Rarement comédien aura, comme Jérémie Renier, développé à ce point son potentiel « à vue », devant des caméras révélant, film après film, les facettes de plus en plus nombreuses de son talent peu banal. L’adolescent timide que révélaient les Dardenne dans La Promesse a fait place à un homme et à un acteur confirmé, doté d’une pure présence stupéfiante et d’un registre étendu, les deux s’exprimant avec une force extraordinaire dans l’excellent premier film de Clément Cogitore Ni le ciel ni la terre. Il y incarne un officier français en poste en Afghanistan, un personnage qu’il a fallu préparer soigneusement pour avoir les gestes justes du métier.

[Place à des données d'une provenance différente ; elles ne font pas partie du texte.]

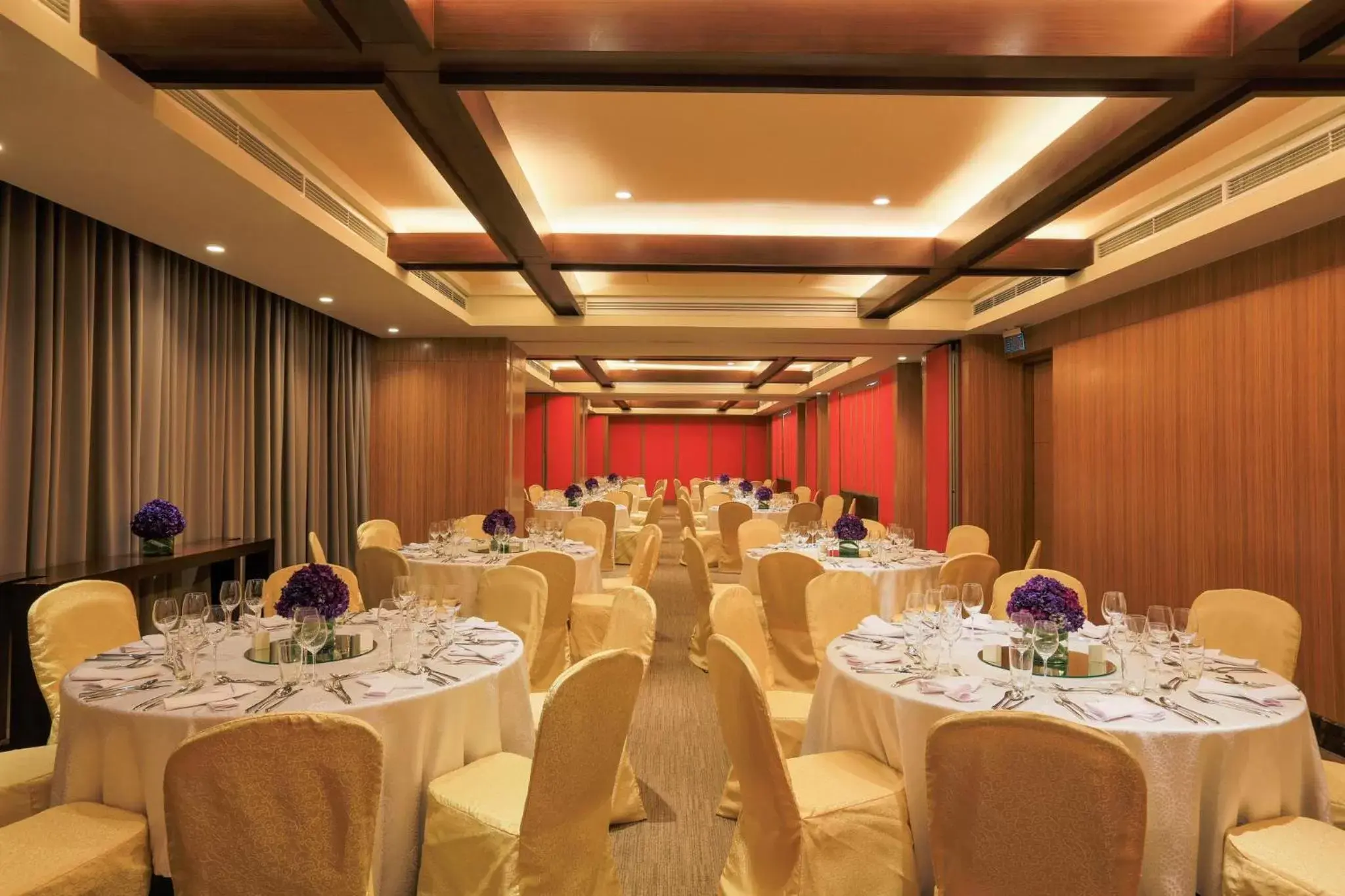 Banquet/Function facilities, Banquet Facilities in Holiday Inn & Suites Makati, an IHG Hotel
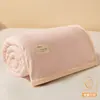 Manta de terciopelo de leche invierno terciopelo coral dormitorio estudiantil manta pequeña oficina siesta sofá cubierta de manta para cama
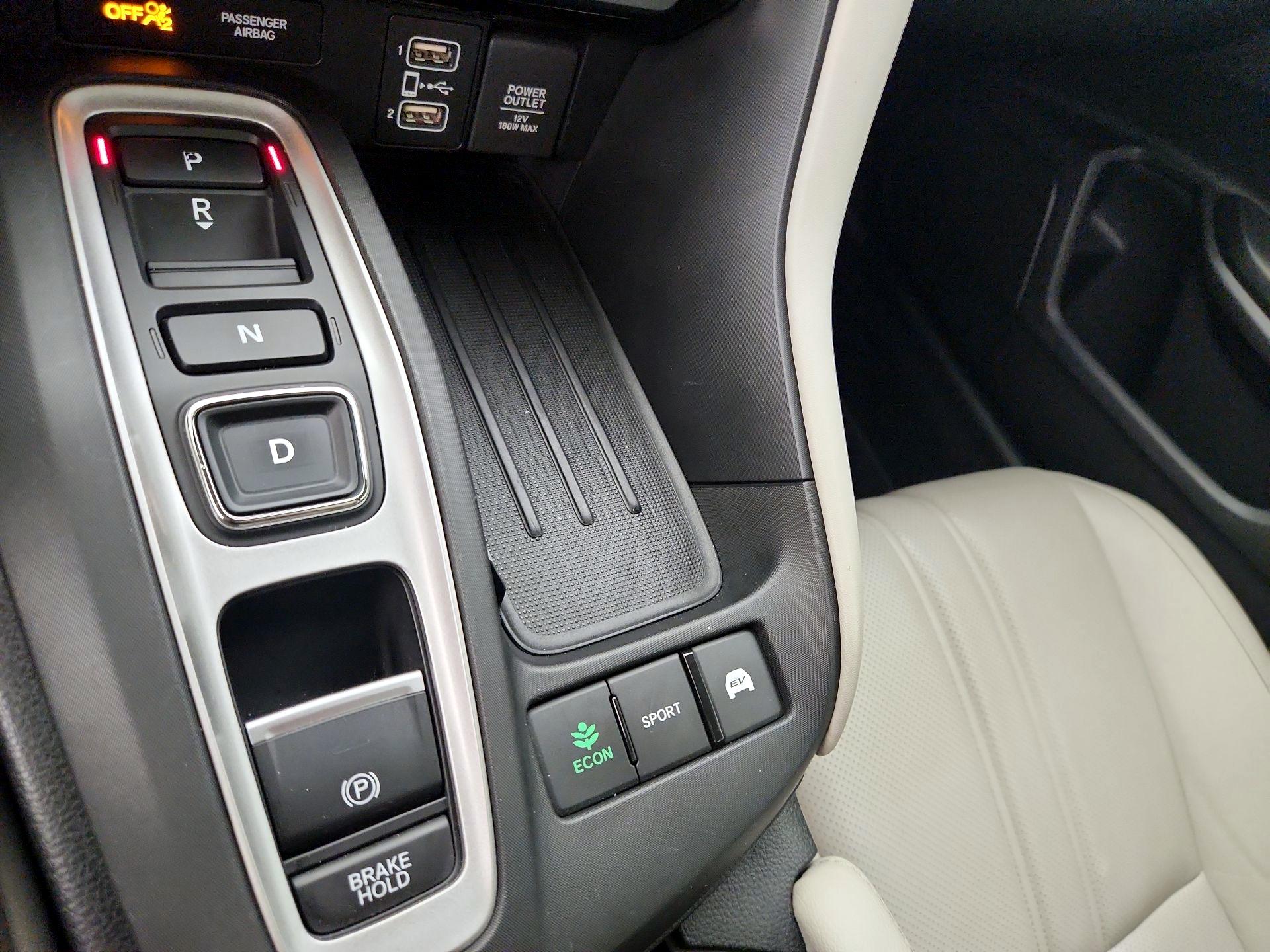 Thumbnail: 2019 Honda Insight - 18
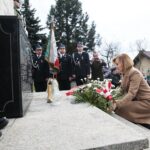 08.03.2020. Bieliny. Obchody 76. rocznicy zamordowania 20 mieszkańców przez hitlerowców. Wieniec składa Anna Krupka - wiceminister sportu / Wiktor Taszłow / Radio Kielce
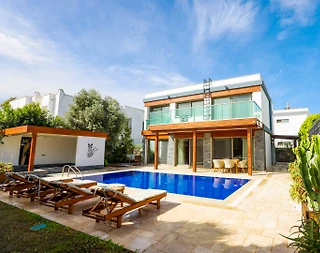 Bodrum Gümbet'te Denize Yürüme Mesafesinde, Özel Havuzlu, Şık Villa - 1
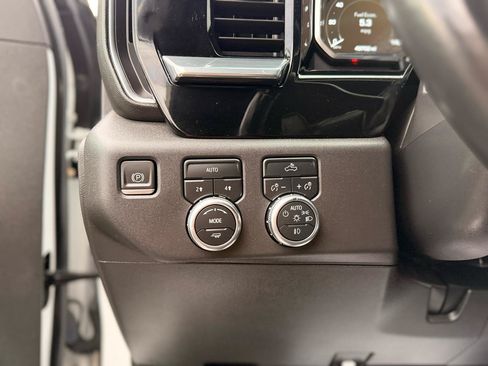 Used 2023 GMC Sierra 1500 Elevation AWD/4WD image 11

« J’avais déjà, un peu avant, fait un film de Sarah Leonor (Le Grand Homme, NDLR) qui parlait de la réinsertion d’ex-soldats de la Légion étrangère, explique l’acteur. Une première approche du métier de militaire, pour laquelle j’avais reçu une courte mais intense formation avec des instructeurs. Du coup, j’avais une petite base, déjà. Pour le tournage de Ni le ciel ni la terre, qui allait se dérouler dans les montagnes de l’Atlas marocain, dans des conditions éprouvantes, physiquement parlant, nous nous sommes préparés en groupe, afin aussi de faire corps, de donner au réalisateur cette vérité qu’il voulait chercher en nous. » Un ex-para et un ancien légionnaire iranien figurant dans la distribution tout en étant aussi conseillers militaires, la justesse visée pouvait être atteinte. Mais l’enjeu principal, pour Renier, était d’incarner le chef, le capitaine. « Pour qu’on y croie, il fallait d’abord que j’y croie, moi. Alors j’ai eu l’idée, avec Clément Cogitore, que tous les acteurs, même en dehors du plateau, m’appellent Capitaine. Moi, je les appelais tous par leur nom de personnage, et le mélange d’autorité, de côté paternel, est venu naturellement. On faisait du sport ensemble et je les motivais, quand l’un d’entre eux avait un souci par rapport au tournage, il venait m’en parler et j’allais ensuite faire mon rapport au réalisateur. C’était ma section, nous faisions corps tout le temps. Pour moi, c’était primordial! »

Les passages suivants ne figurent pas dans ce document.